Our violent religious past and expectations of a wrathful future impinge on Christian behavior today. David Beneke, a leader in the Lutheran Church – Missouri Synod, discovered this reality shortly after the September 11 terrorist attacks. He was suspended for eighteen months from his duties and required to defend himself before a variety of denominational panels. His sin was not something as radical as believing in the salvation of all people. His crime was joining with Muslim, Roman Catholic, Jewish, Hindu, and Sikh religious leaders in a prayer service at Yankee Stadium. He was accused of praying with “heathens”. He said “This ordeal reveals the hard side of Christianity”.
If fairness, similar stories abound in other religious traditions. This arrogant exclusivity plagues all the great religions. Adherents of each faith hate the “other” — Christians hate heathens; Muslims hate infidels; Jews hate Gentiles. For many, religion is how we decide who to love and who to hate.
As I have said many times Jesus melted down the Old Testament laws into just two: Love God and Love your fellow man. Hate was not in this mix. Why do so many current day religious institutions base so much of their practices on hate? One thing I love about reading Philip Gulley is that he doesn’t pull any punches. He certainly didn’t in this example. 🙂
I am going to start a series of posts around quotes from some of the many books I have read. One of the favorites is the book “If God is Love” by Philip Gulley.

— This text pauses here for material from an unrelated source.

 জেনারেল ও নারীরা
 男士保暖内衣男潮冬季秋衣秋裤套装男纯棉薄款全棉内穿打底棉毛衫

Here is the quote for today:
When Jesus redefined kinship, he was challenging their exclusive circle by declaring that anyone in any place who did the will of God regardless of social standing or religious affiliation, was his brother or sister. Kinship is not a matter of racial, religious, or cultural conformity. It was the by-product of a commitment of the will of God — to love and care for all.
The theology of love begins with the assumption that all people are God’s cherished children and deserving of love. “We love because he first loved us. Those who say ‘I love God’, and hate their brothers and sisters, are liars, for they do not love a brother or sister who they have seen, cannot love God whom they have not seen” (1 John 4:19-20). Jesus demonstrated his lover for outcasts, those many considered unlovable. Regrettably, many Christians have been unwilling to adopt the ethic of Jesus — a theology of inclusion, acceptance, and love, We’ve been unwilling to love and accept our enemies. We haven’t even be excited about loving our neighbors.
We should all be getting out of our church pews and into the community to re-affirm that we do indeed love our neighbor. We must show the Lord’s love in our lives if we are true followers of Jesus Christ. To hunker down in our church building against the big bad world and wait for the second coming is not what Jesus preached. Jesus was a lover of the unlovable and we should at least attempt to do the same. If we are only willing to allocate those two hours a week on Sunday mornings to God then maybe we should occasionally skip the pews and get out in the community and get our hands dirty!
I must admit that I feel closer to God when I do community service than when I am sitting in a church pew. And that is how it should be.